Recently, Huang’s group extended the conjugation of carbazole to obtain a folded propeller-shaped aromatic amphiphiles that aggregate into hollow spheres. In contrast to traditional supramolecular porous materials based on 1D aromatic assembly, the self-assembled pores of two-dimensional π-conjugations provide excellent carbon environment to adsorb dissolved organic contaminants. For the high surface area and mesoporosity, the removal efficiency of porous adsorbents was found to be 92 and 90 % for Eo and BPA. Notably, the folded architecture of propeller was observed to be flatten by salt addition, which resulted in the strong π-π interaction driving the porous materials closed and formed solid fibers. Consequently, both pollutants are able to be removed by porous absorbents by switchable porous assembly, and subsequent dialysis triggered the porous materials to be recovered.

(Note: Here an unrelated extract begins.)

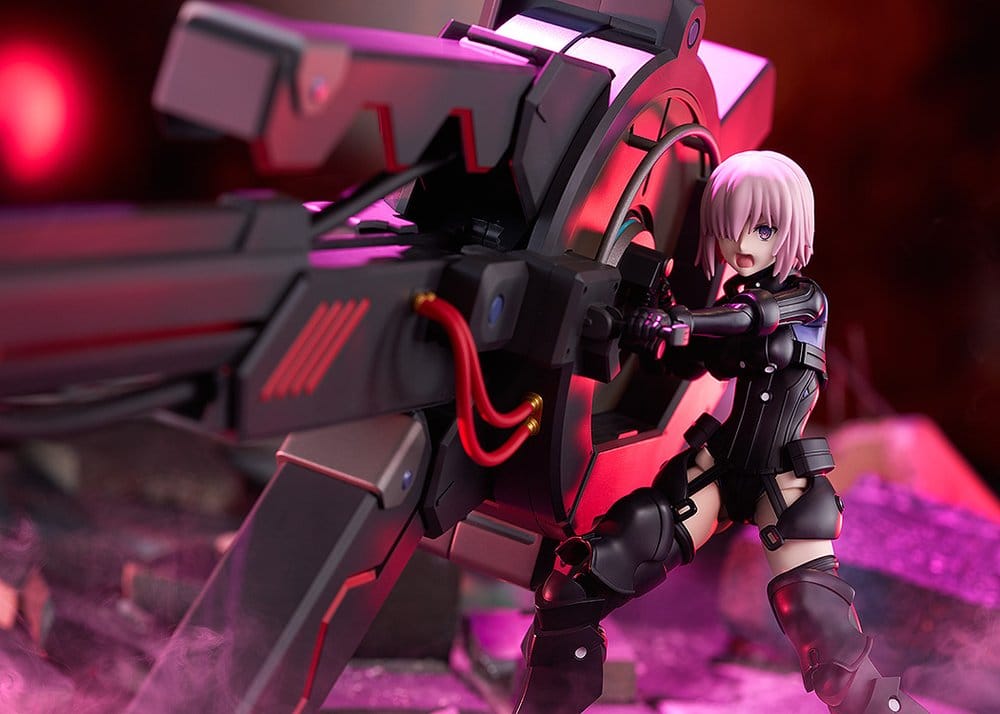 Fate/Grand Order Plamatea Plastic Model Kit Shielder/Mash Kyrielight (Ortinax) Black Barrel Edition 17 cm Image 4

Schematic representation of supramolecular absorbents
This work has been published in
Advanced Materials. The master student Siying Xie is first author. (Intelligent Mesoporous Materials for Selective Adsorption and Mechanical Release of Organic Pollutants from Water, Adv. Mater., 2018, 10.1002/adma.201800683)
The work was suppoted by Hundred-Talent Program of Sun Yat-sen University, Guangzhou Science and Technology and Natural Science Foundation of Guangdong Province. Huang’s group has researched on the super-hydrophobic soft mesoporous materials mainly around supramolecular assembly and functionalization, supramolecular catalysis, pollutant adsorption, intelligent drug delivery.